(Short descriptive text snippets)
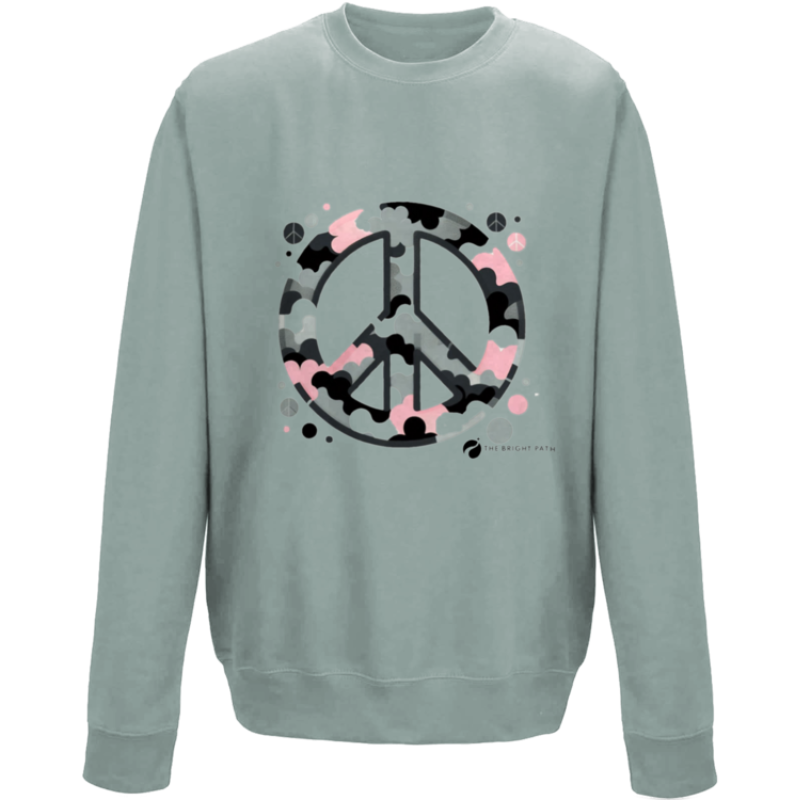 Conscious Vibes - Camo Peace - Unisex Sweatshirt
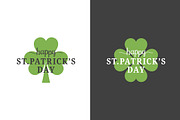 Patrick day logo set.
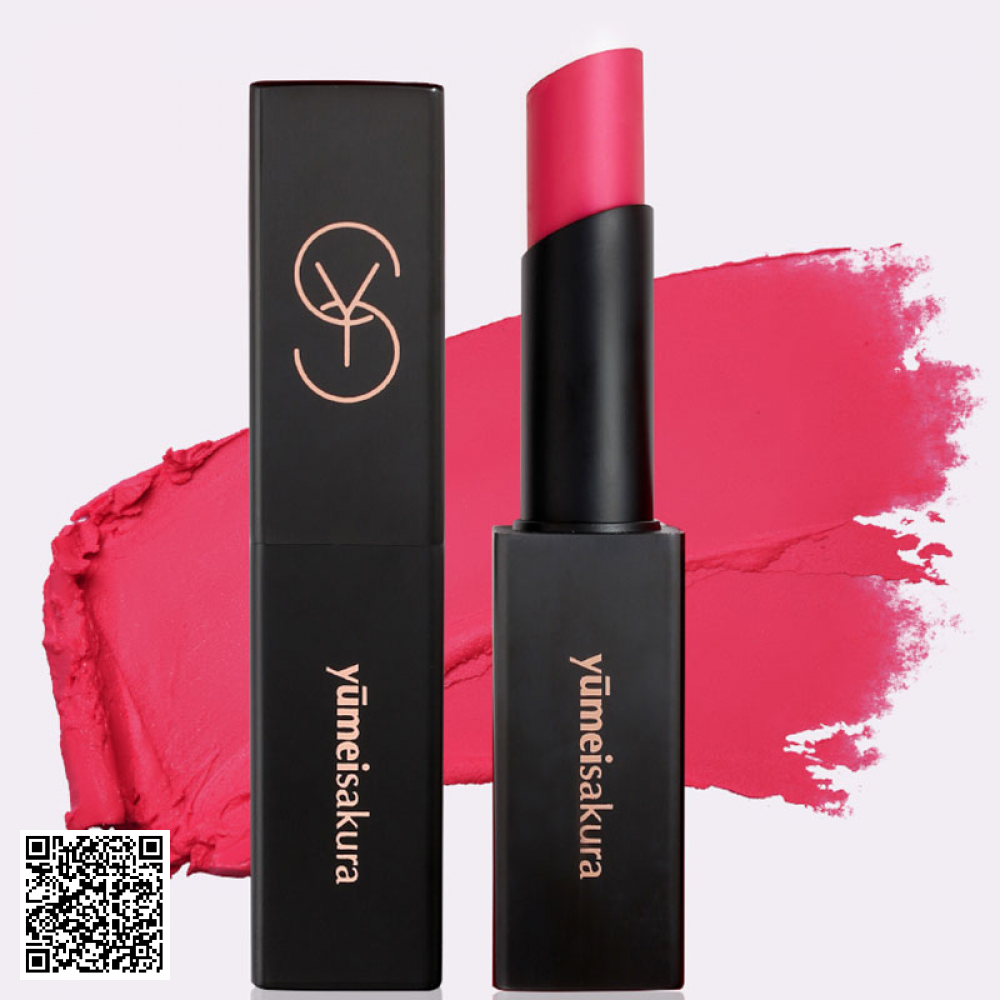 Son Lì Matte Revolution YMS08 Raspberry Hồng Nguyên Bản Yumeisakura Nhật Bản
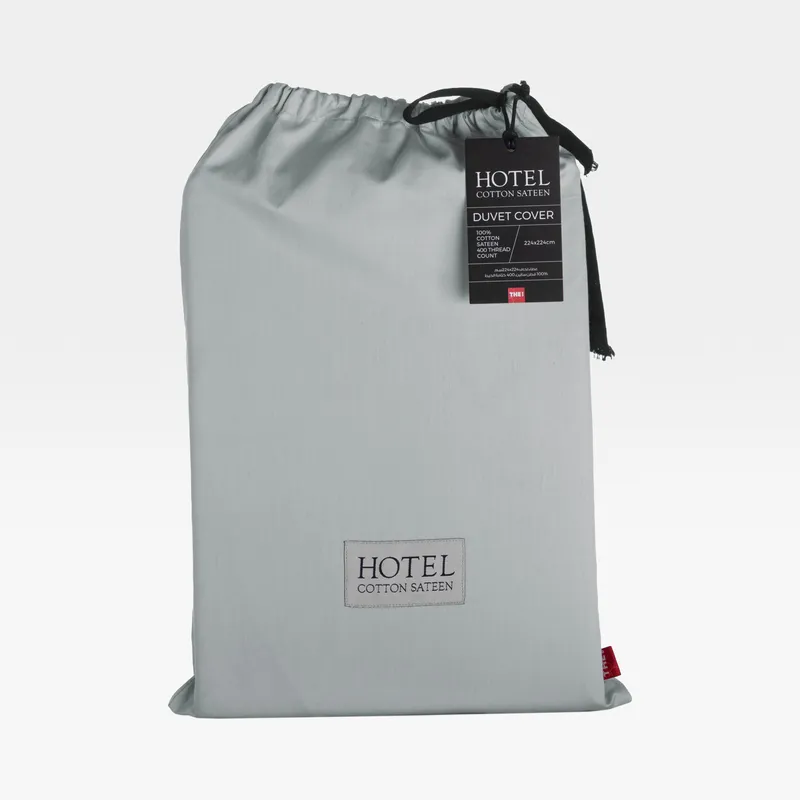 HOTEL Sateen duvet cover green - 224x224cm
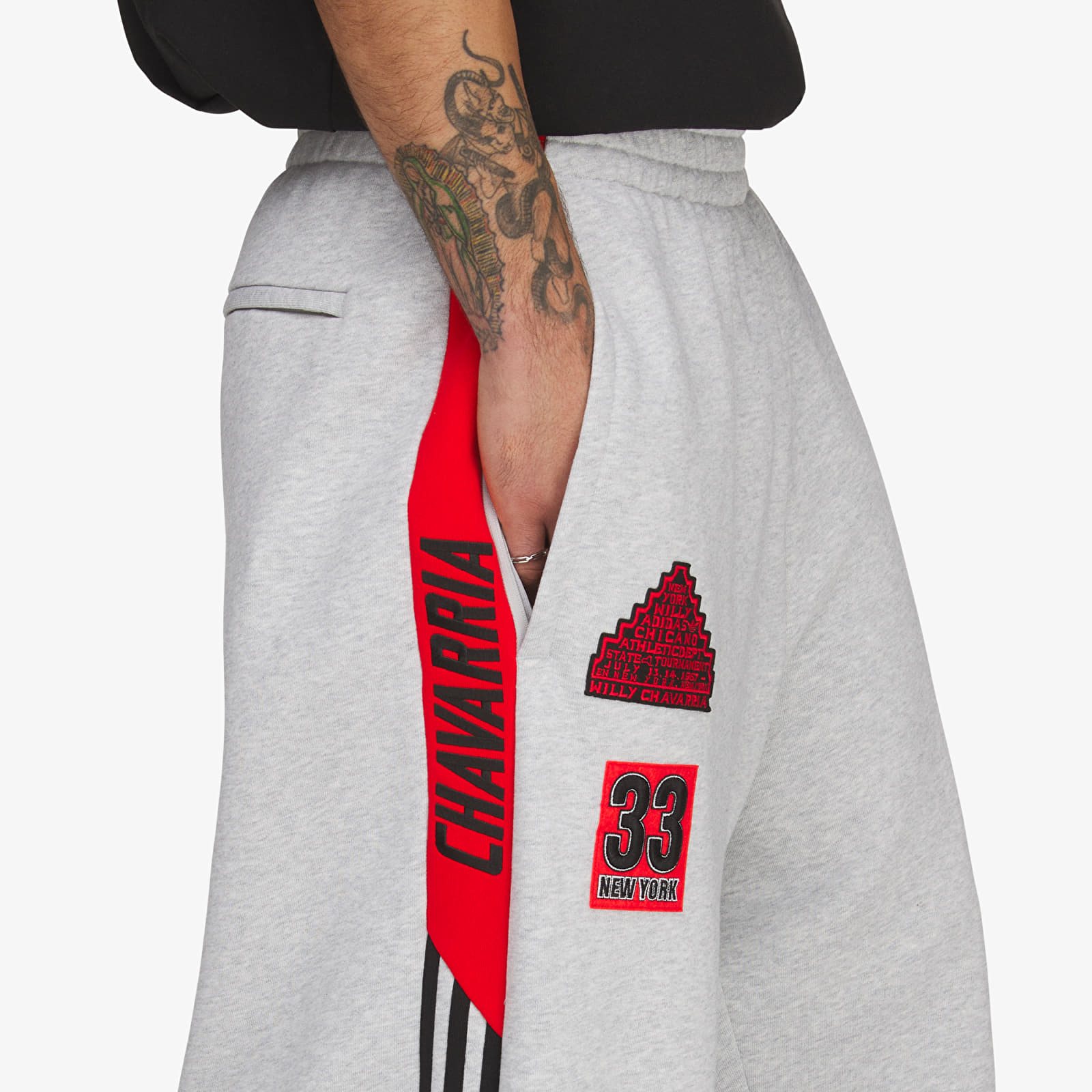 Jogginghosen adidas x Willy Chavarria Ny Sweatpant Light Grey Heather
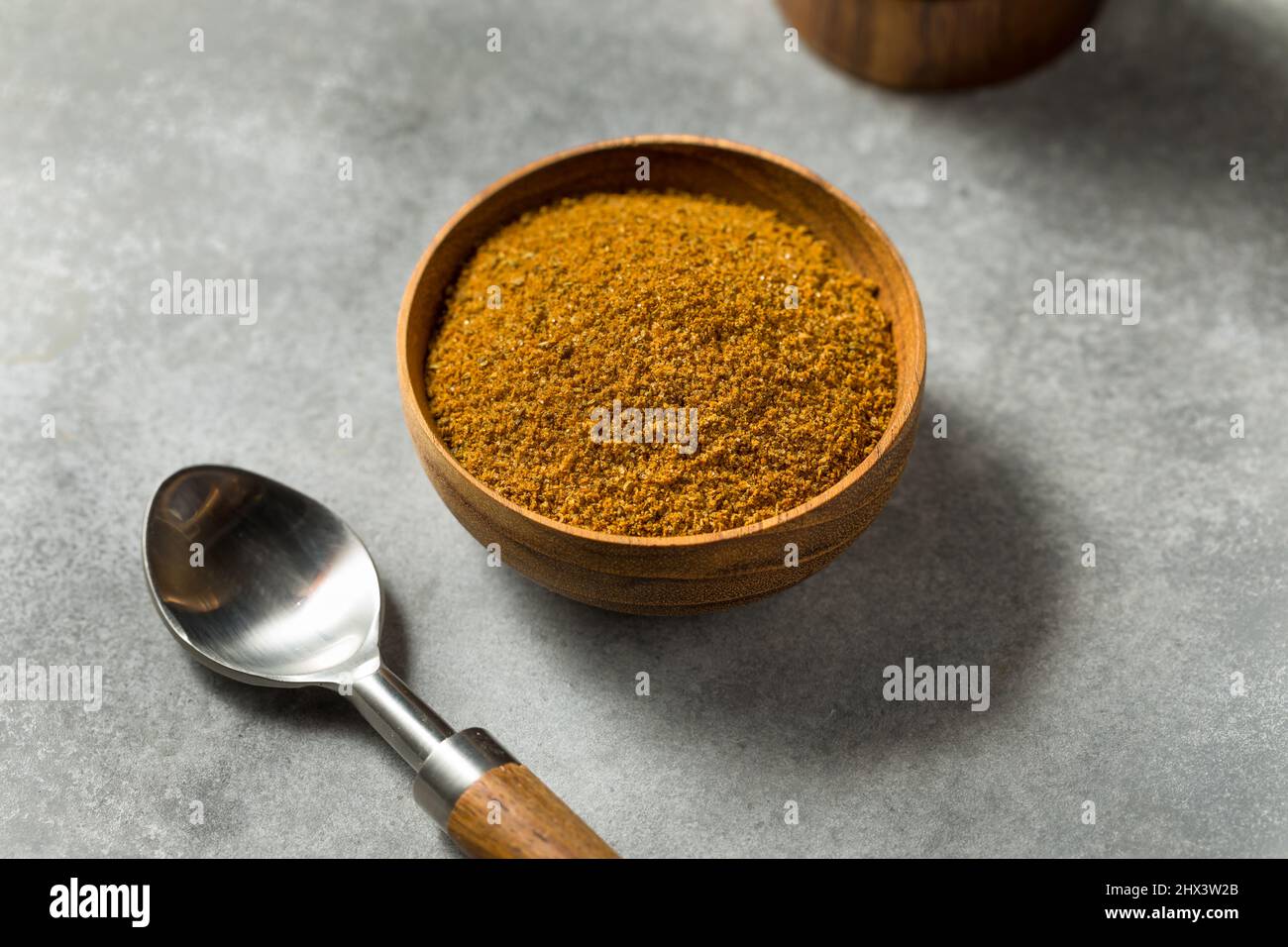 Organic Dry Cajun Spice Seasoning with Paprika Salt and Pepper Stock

**Task requirements:** Word for word, print all of the data; skip the pictures.

**Solved problem:**
 Conscious Vibes - Camo Peace - Unisex Sweatshirt
 Patrick day logo set.
 Son Lì Matte Revolution YMS08 Raspberry Hồng Nguyên Bản Yumeisakura Nhật Bản
 HOTEL Sateen duvet cover green - 224x224cm
 Jogginghosen adidas x Willy Chavarria Ny Sweatpant Light Grey Heather
 Organic Dry Cajun Spice Seasoning with Paprika Salt and Pepper Stock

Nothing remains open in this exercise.